En las horas que llevo del día laboral (casi tres), he
sentido un tremendo cansancio físico y mucho sueño, pese a haber dormido bien
por la noche. La sesión de ejercicio que realicé ayer por la mañana fue fuerte,
y es posible que mi malestar se deba a ello.
Al mismo tiempo, he sentido un tremendo estrés por tener a
mis espaldas a la gerente mencionada en entradas anteriores, con sus dos
subalternos, los que tienen puestos de jefatura. Ambos son individuos del sexo
masculino que carecen de eso, de masculinidad y son el prototipo típico de lo
que en inglés recibe el término “nerd”, además con apariencia de gente
hipócrita y taimada.
Esa mujer, Blanca, ha dejado de caerme mal, pero
definitivamente no me resulta agradable. Tiene buena fisonomía, una tez blanca,
un rostro armónico, es muy alta si bien presenta una figura muy antiestética
por las dimensiones de su cadera. No sé qué piensa ella de mí, y pienso mucho
en eso, algo improductivo y molesto. Ella tiene muy buena relación con el par
de subalternos que tiene dentro de esa área de la oficina, confinada, que hasta
hace un año y medio era una salita de juntas.

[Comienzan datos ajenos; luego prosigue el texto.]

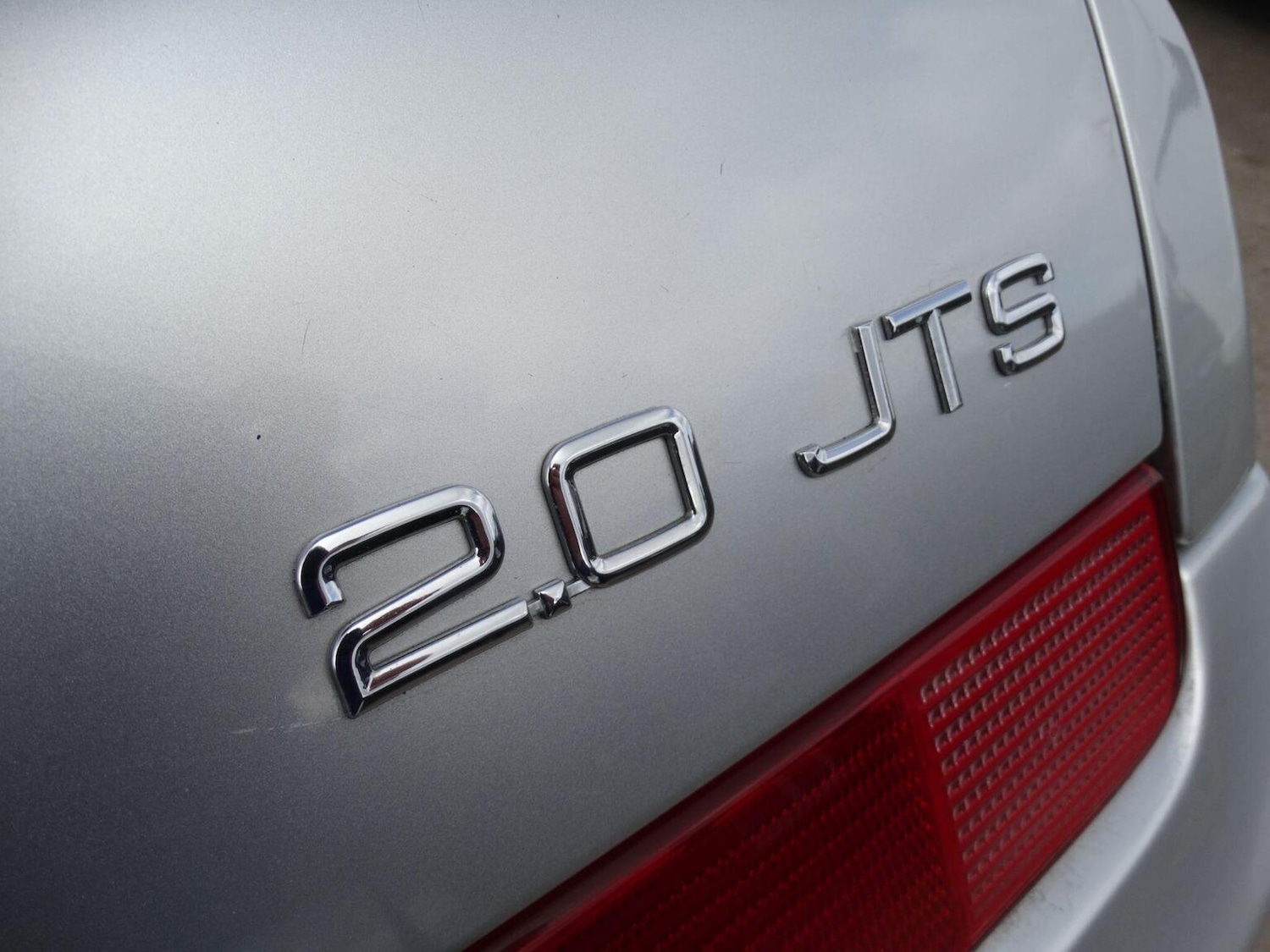 Used Alfa Romeo Spider 2004 for sale - 77836911: Photo 28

Que se lleve bien con gente como
Omar habla muy mal de ella, pues habiéndose dado cuenta de que el tipo es un
crótalo, intrigante y cobarde, debió alejarse de él en buena medida. Con esto
quiero decir que Blanca debió limitar su convivencia a asuntos de trabajo con
el alfeñique alimaña, y debió suprimir absolutamente todo asunto personal.

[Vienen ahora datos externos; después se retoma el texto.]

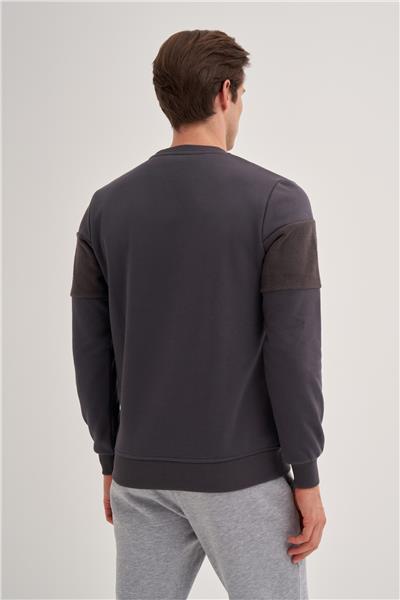 CAZ 5082 POLAR SWEAT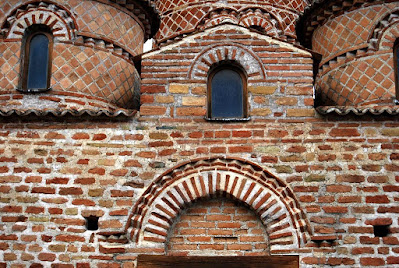 Cattolica di Stilo antica chiesa bizantina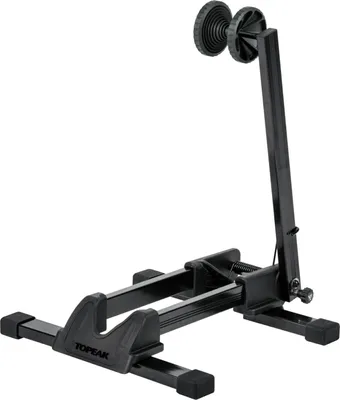 Produktbild von Topeak LineUp Stand Max, 2,6 kg, 525 mm, 430 mm, 405 mm, 492 x 195 x 103 mm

Por otra parte, hoy en la mañana al revisar mi Smartphone me
di cuenta de que una compañera con la que siempre he tenido buena relación
aparecía en mi WhatsApp como si me hubiera bloqueado. Esto me produjo un malestar
muy intenso y le envié dos mensajes (que ella no respondió), después de lo cual
le marqué, y ella no contestó. Tomé entonces el Smartphone de mi madre y
agregué a mi compañera como contacto. Al revisar el WhatsApp me di cuenta de
que aparecía igual, como si hubiera bloqueado (en este caso el número de mi
madre, lo cual no era posible) y me tranquilicé un poco.
Llegué a mi trabajo un poco antes de las once, y lo primero
que hice fue acercarme a esa compañera. Ella me dijo que su teléfono estaba
funcionando normalmente, que no me había bloqueado, y que lo revisaría al salir
a comer. Esto último porque a la mayoría de quienes trabajamos en mi
departamento, no se nos permite ingresar a la oficina con Smartphone y hay que
dejarlo en Seguridad.
El malestar que he sentido en las horas de la mañana,
también tiene que ver con que siento que en mi departamento se me ha dado un
trato que no merezco, hostilidad de varias personas muy allegadas a la
directora y la guerra cobarde del infame alfeñique. En relación con esto, el
gerente de recursos humanos cayó de mi gracia y ahora lo considero una persona
despreciable.
En momentos así debería pensar en lo bueno que hay en mi
vida, por ejemplo mi queridísima amiga, la que fue mi terapeuta, que pese a no
tener mucha comunicación vía telefónica (aunque sí por WhatsApp) y vernos dos o
tres veces al año, ocupa un lugar muy importante en mi existencia y es la
persona a la que más quiero en el mundo. También está mi madre, pese a nuestra
historia difícil, y mis perritas, que me dan su compañía y su amor
incondicional.
Es muy probable que el próximo sábado me dirija a una
asociación psicoanalítica, a una entrevista y a responder un cuestionario, con
intención de solicitar terapia. Será muy interesante llegar a conocerme a mí
mismo con la ayuda de una herramienta tan importante como el
psicoanálisis. Ese tratamiento me
proporcionará además bastante material para escribir en mi blog y en forma de
apuntes, para en algún momento darle forma, algún tipo de literatura.